À l’OMC, tant les règles que les négociations agricoles sont déséquilibrées

Charlottetown (Île-du-Prince-Édouard), 23 juillet 2003 – Le grand spécialiste du commerce international, Peter Clark, a déclaré au Comité du commerce de la Fédération canadienne de l’agriculture : « Les règles de l’OMC en matière d’agriculture sont déséquilibrées et le maintien des propositions de négociation courantes ne fera qu’aggraver le problème. »

M. Clark, président du cabinet Grey, Clark, Shih and Associates d’Ottawa, a présenté au Comité un rapport sur l’incompatibilité de certains programmes des États-Unis et de la Nouvelle-Zélande avec les règles de l’OMC. Il a expliqué que les États-Unis semblent ne pas respecter leurs obligations envers l’OMC en matière de réduction de leurs subventions intérieures et à l’exportation. Il estime aussi que la Nouvelle-Zélande consent des subventions à l’exportation qui ne sont pas compatibles avec les règles de l’OMC par l’entremise de Fonterra Cooperative Group Limited.

Le gouvernement de la Nouvelle-Zélande a exempté la coopérative Fonterra de l’application de sa politique de concurrence et lui a consenti le droit exclusif d’exporter sur les marchés à valeur élevée. Cet accès permet à Fonterra de vendre des produits sur d’autres marchés à des prix inférieurs au coût de production moyen de l’ensemble de l’industrie. En d’autres termes, il pourrait s’avérer que la Nouvelle-Zélande procède au subventionnement croisé de ses exportations de produits laitiers parce que Fonterra utilise les profits réalisés sur les marchés plus lucratifs pour vendre à prix moindres sur d’autres marchés.

Les États-Unis peuvent subventionner leurs agriculteurs à hauteur de 19.1 milliards de dollars US. Si tous les programmes d’appui internes étaient comptés, ce montant serait largement dépassé. La valeur totale des subventions à l’exportation serait aussi plus élevée qu’elle ne l’est notifiée à l’Organisation mondiale du commerce si on tenait compte de tous les programmes d’aide à l’exportation, directs ou indirects.

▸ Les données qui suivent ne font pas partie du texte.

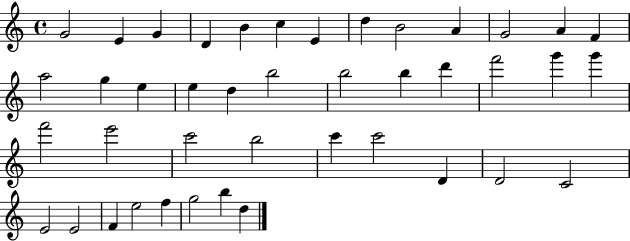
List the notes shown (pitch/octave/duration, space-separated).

G4/h E4/q G4/q D4/q B4/q C5/q E4/q D5/q B4/h A4/q G4/h A4/q F4/q A5/h G5/q E5/q E5/q D5/q B5/h B5/h B5/q D6/q F6/h G6/q G6/q F6/h E6/h C6/h B5/h C6/q C6/h D4/q D4/h C4/h E4/h E4/h F4/q E5/h F5/q G5/h B5/q D5/q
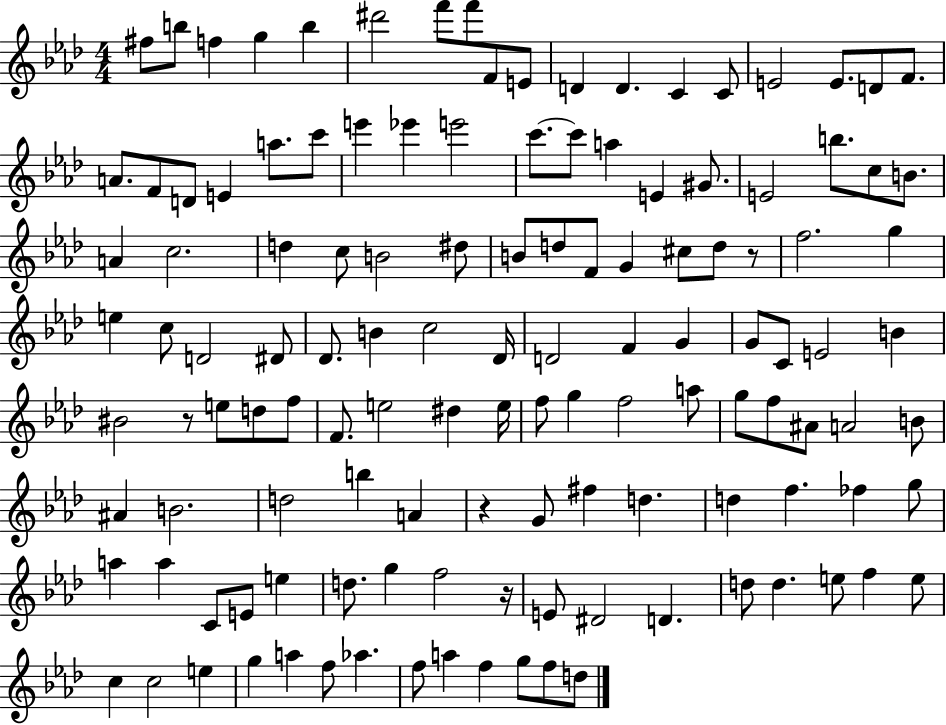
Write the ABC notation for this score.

X:1
T:Untitled
M:4/4
L:1/4
K:Ab
^f/2 b/2 f g b ^d'2 f'/2 f'/2 F/2 E/2 D D C C/2 E2 E/2 D/2 F/2 A/2 F/2 D/2 E a/2 c'/2 e' _e' e'2 c'/2 c'/2 a E ^G/2 E2 b/2 c/2 B/2 A c2 d c/2 B2 ^d/2 B/2 d/2 F/2 G ^c/2 d/2 z/2 f2 g e c/2 D2 ^D/2 _D/2 B c2 _D/4 D2 F G G/2 C/2 E2 B ^B2 z/2 e/2 d/2 f/2 F/2 e2 ^d e/4 f/2 g f2 a/2 g/2 f/2 ^A/2 A2 B/2 ^A B2 d2 b A z G/2 ^f d d f _f g/2 a a C/2 E/2 e d/2 g f2 z/4 E/2 ^D2 D d/2 d e/2 f e/2 c c2 e g a f/2 _a f/2 a f g/2 f/2 d/2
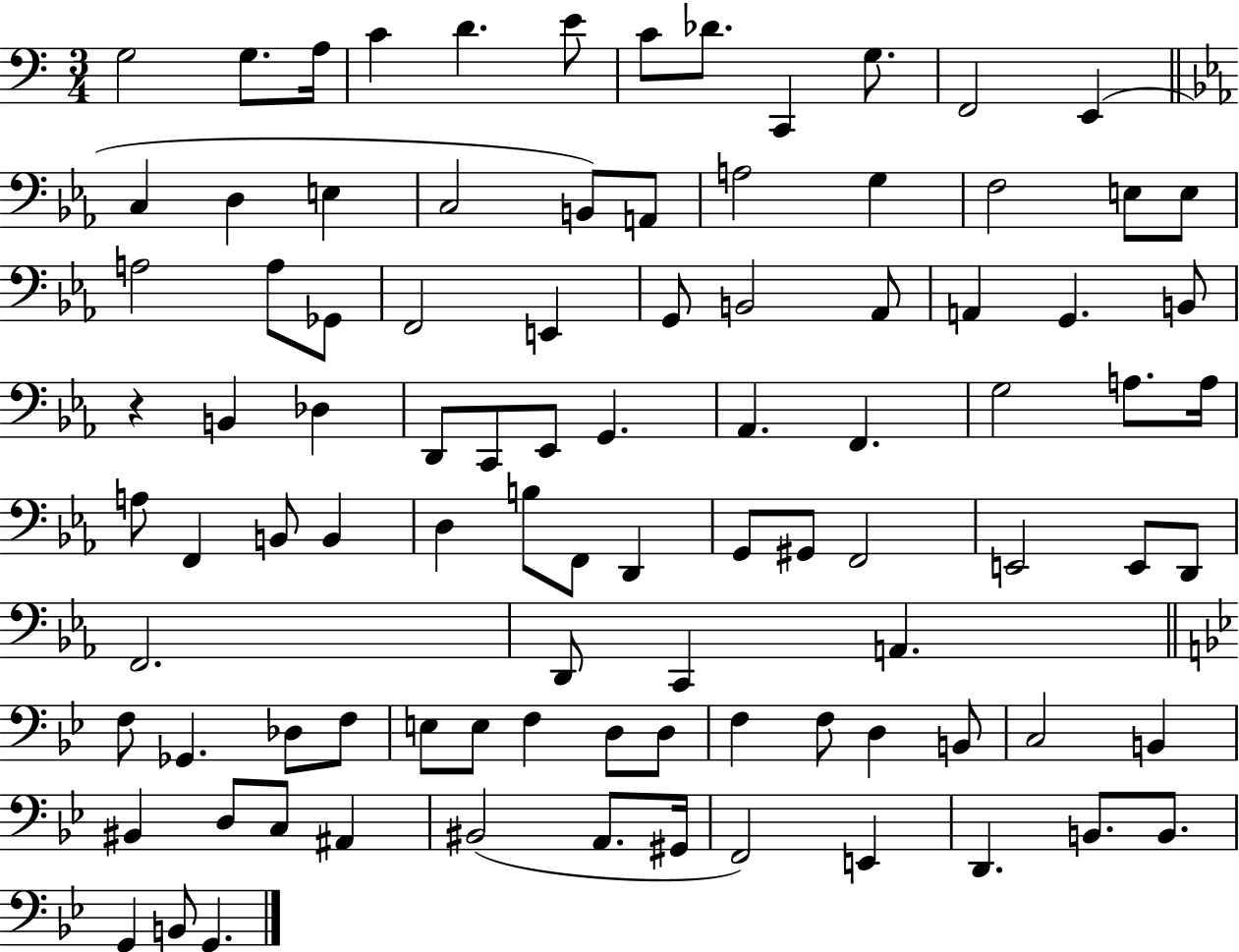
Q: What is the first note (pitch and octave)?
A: G3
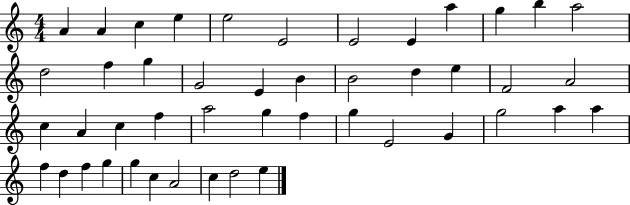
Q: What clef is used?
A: treble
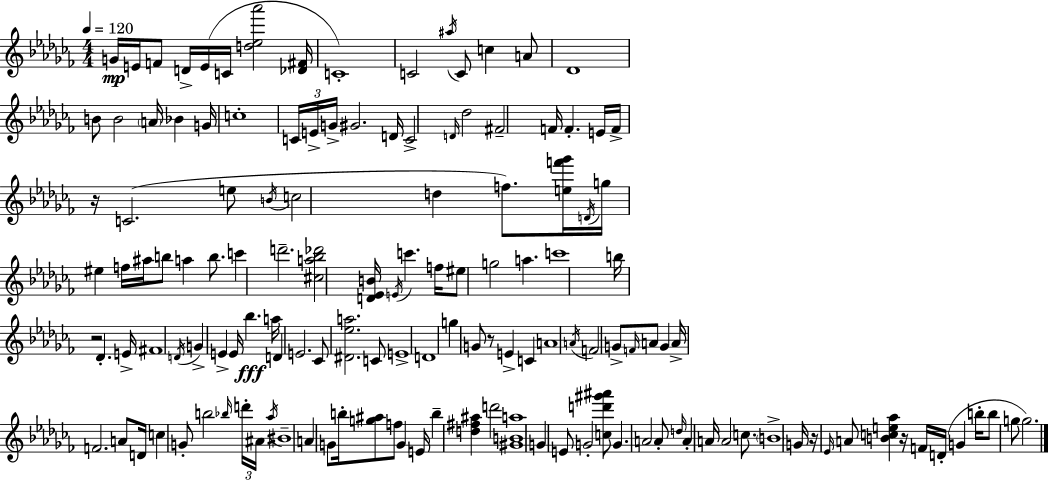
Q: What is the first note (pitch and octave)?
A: G4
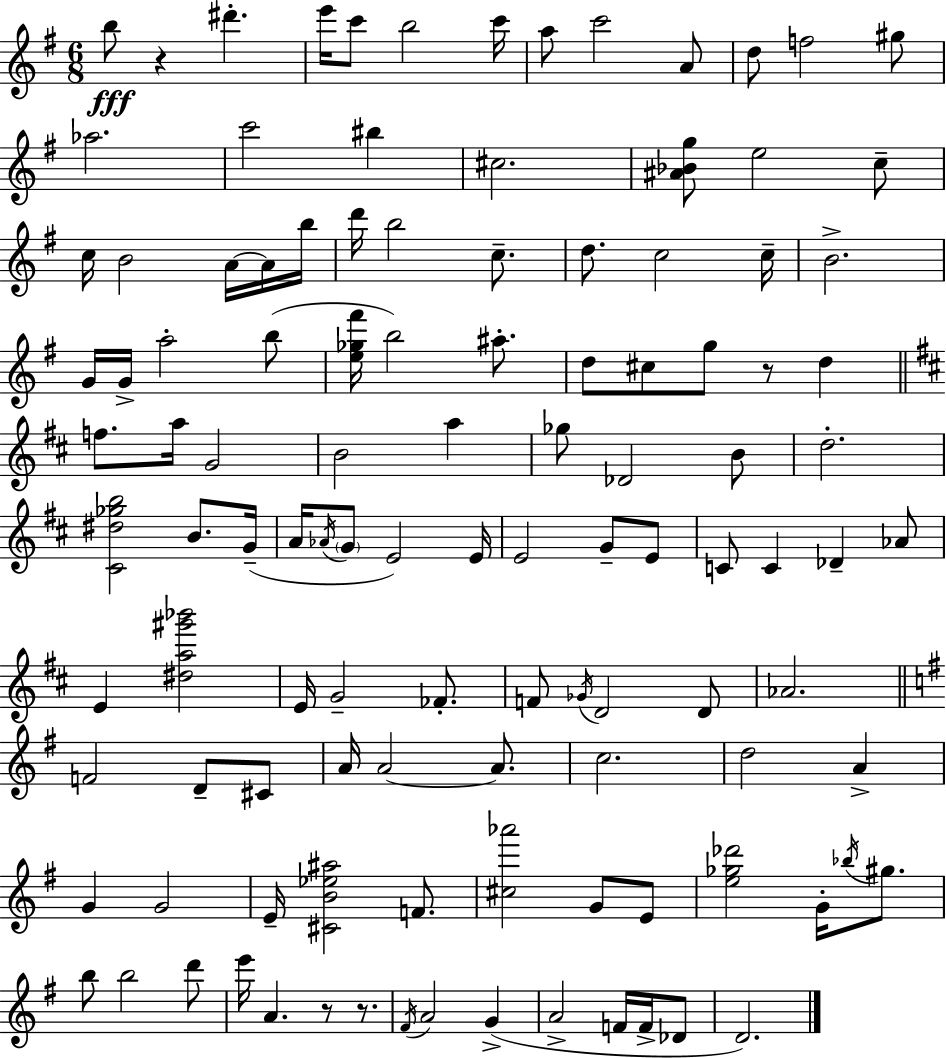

« Nous avons établi une feuille de route que le Canada et les autres Membres de l’OMC peuvent utiliser pour défendre leurs intérêts », a expliqué M. Clark. Il a fait valoir l’importance de rééquilibrer l’OMC en misant sur des contestations pour assurer la conformité. « L’OMC n’est pas un organisme qui s’autosurveille. Des pratiques non conformes peuvent exister et elles continueront d’exister tant qu’elles ne seront pas contestées. Il résultera de ces contestations que les Membres ne subiront pas deux fois les conséquences de pratiques incompatibles. Les pays Membres peuvent prendre des mesures pour tirer profit des avantages que leur confère l’OMC ou ne rien faire et accepter de subir la concurrence de produits vendus de façon déloyale. »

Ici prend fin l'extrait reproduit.